Kanadas Außenminister Peter Kent übernahm einmal mehr die unrühmliche Rolle, die Kastanien für die USA aus dem Feuer der Kontroverse zu holen, indem er den Putsch zwar als Affront gegen die ganze Region bezeichnete, Zelaya aber eine Mitschuld an seinem eigenen Sturz in die Schuhe schieben wollte. Schließlich polarisiere dieser Politiker in hohem Maße die honduranische Gesellschaft und sei nicht nur mit den Militärs, sondern auch dem Kongreß und selbst dem Obersten Gerichtshof aneinandergeraten. Diese Umstände im Vorfeld des Staatsstreichs müßten in die Erwägungen Eingang finden.

Angesichts einer Gesellschaftsstruktur wie der in Honduras, die gespaltener kaum sein könnte, da wenige Familien das Land kontrollieren und die Militärs in ungewöhnlich hohem Maße mit der Wirtschaft verflochten sind, Zelaya eine Polarisierung anzukreiden, ist zwar der Gipfel gezielter Borniertheit, jedoch bekanntlich ein Standardargument gegen jeden Versuch, Macht und Reichtum in Händen weniger auf Grundlage einer in Elend lebenden Bevölkerungsmehrheit ernsthaft in Frage zu stellen.

Die Obama-Administration reiht sich vordergründig in die allgemeine Verurteilung der Ereignisse in Honduras ein, brütet aber seit bald einer Woche noch immer über der Frage, ob die Entmachtung Zelayas tatsächlich die juristischen Voraussetzungen eines Putsches erfüllt. Sollte das nämlich der Fall sein, müßten die US-amerikanischen Hilfsgelder auf Grund der daran gekoppelten politischen Auflagen auf Eis gelegt werden. Studiert man die verhängten Sanktionen Washingtons, fällt dabei sofort ins Auge, daß alle wirksamen Strafmaßnahmen wie eine Unterbrechung des US-Handels, von dem das mittelamerikanische Land in hohem Maße abhängt, oder eben auch die Stornierung der Finanzhilfen vermieden wurden. Auch hat Washington die militärische Zusammenarbeit keineswegs eingestellt, sondern nur hinsichtlich anstehender gemeinsamer Aktivitäten vorübergehend gebremst.
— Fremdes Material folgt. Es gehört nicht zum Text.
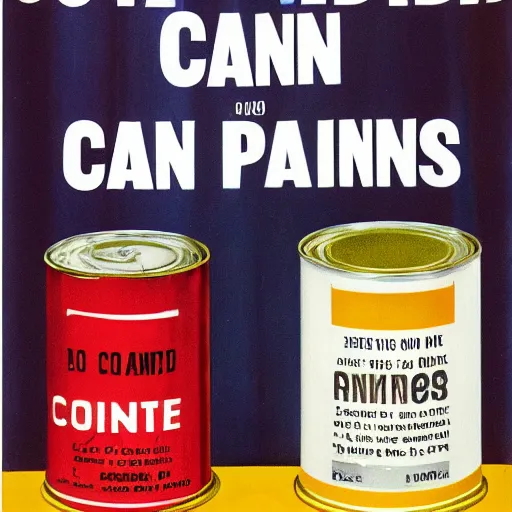 Image similar to can of paint ad, modern, catalogue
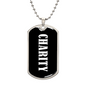 Charity v03 - Luxury Dog Tag Necklace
Unter dem Strich hat die US-Regierung ihr Ziel fast schon erreicht: Ein Umsturz in Honduras, den man ihr kaum zur Last legen kann. Elegantere Lösungen wären naheliegender gewesen, doch da man nie ausschließen kann, daß die armen Leute - also die breite Mehrheit der Bevölkerung - Zelaya beim Wort nehmen und ihm den Rücken stärken könnte, damit er tatsächlich durchsetzt, was er ihnen versprochen hat, war die gewaltsame Lösung womöglich doch die gebotene Abkürzung zur Restaurierung der alten Machtverhältnisse.